Out-Law News | 15 Jun 2006 | 1:56 pm | 4 min. read
The High Court did not suggest that the remarks were not defamatory; it just said that there is no presumption that "substantial publication" of an item has taken place within the court's jurisdiction. "Substantial" in this context means sufficient readers to justify a judgment.
Ethiopian-born businessman Mohammed Hussein Al Amoudi, who normally lives in Saudi Arabia but spends around two-and-a-half months a year in England, sued Swiss resident Jean Charles Brisard and his Swiss company, JCB Consulting International SARL.
Brisard claims to be a world expert on terrorist financing. In two reports on JCB's site he made references to Al Amoudi. These suggested that Al Amoudi may be "a knowing participant in the economic, financial and/or terrorist networks of the terrorist Osama Bin Laden". Al Amoudi sued for defamation.
Although the offending documents were removed in Spring 2004, Al Amoudi told the High Court that the offending words had been published on JCB's site "to a substantial but unquantifiable number of readers in this jurisdiction". The court's deliberations were over Al Amoudi's demand for summary judgment – i.e. he was hoping to win his case without the need for a trial.
Brisard and his company based their defence on an argument that either the reports had not been downloaded within the jurisdiction of the court, or that if they had been downloaded, it was only by Al Amoudi's legal team, friends and business associates – and therefore, they claimed, "reliance upon such publications amounts to an abuse of process".
If any publication were proved, continued the defendants, it would result in "no more than nominal damages" – so the cost of pursuing the action would be "wholly disproportionate to the outcome". English courts will consider the number of readers of a libellous statement in gauging the level of damages to award.
Traffic figures showed, according to the judgment, that "the number of hits on the website from the United Kingdom has been few" – although some of the logs were missing.

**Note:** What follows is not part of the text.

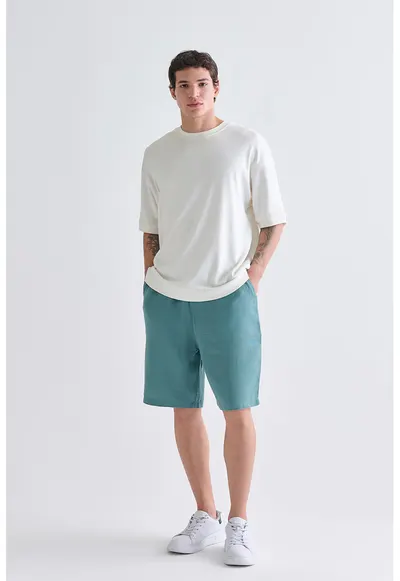 Pantaloni scurti relaxed fit din bumbac cu buzunar aplicat pe spate - Albastru teal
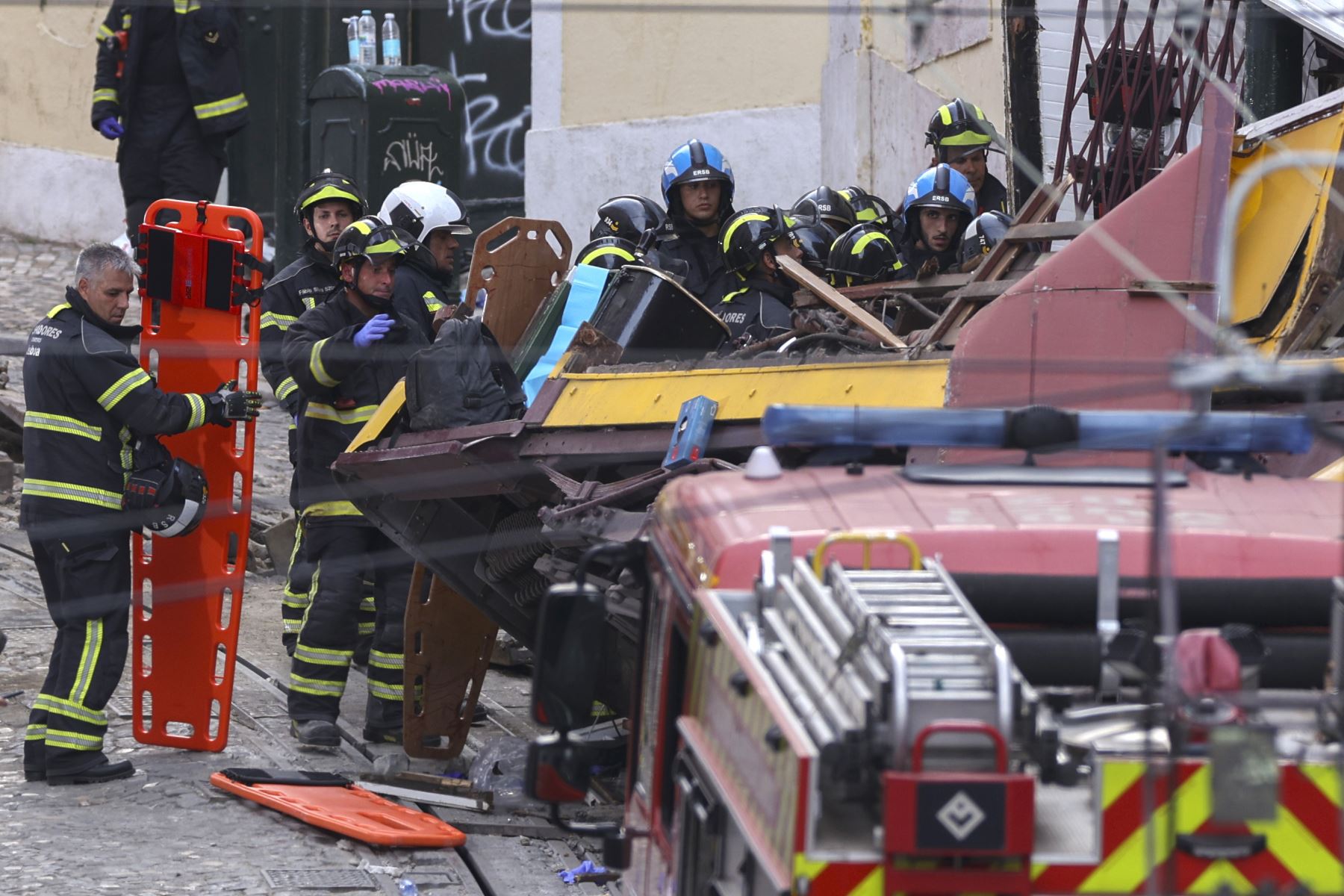 Rescatistas y bomberos trabajan en el lugar del descarrilamiento del funicular Gloria en Lisboa, Portugal. Foto: EFE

The monthly stats showed "a large number of hits" where the country was unknown or unrecorded; but Mr Justice Gray said the question of whether some of these came from England remains open. (There are no figures in the judgment and no analysis of the distinctions between hits, page impressions and unique visitors.)
The traffic was important for another reason. An internet libel case last year – coincidentally involving allegations about another businessman's links with Bin Laden – established that a claim based on nominal readership could be struck out as an abuse of the court's process.
Al Amoudi argued in the present case that "it should be assumed, unless and until the contrary is proved, that material available on the Internet will have been read by a substantial number of readers in the jurisdiction."
Not so, said the defence team. Publication over the internet takes place if and only if the material is accessed and downloaded by a third party within the jurisdiction. Sure, a jury at trial may draw an inference to this effect, it acknowledged; but at this interim stage, Al Amoudi does not and cannot assert that a jury would be perverse not to do so.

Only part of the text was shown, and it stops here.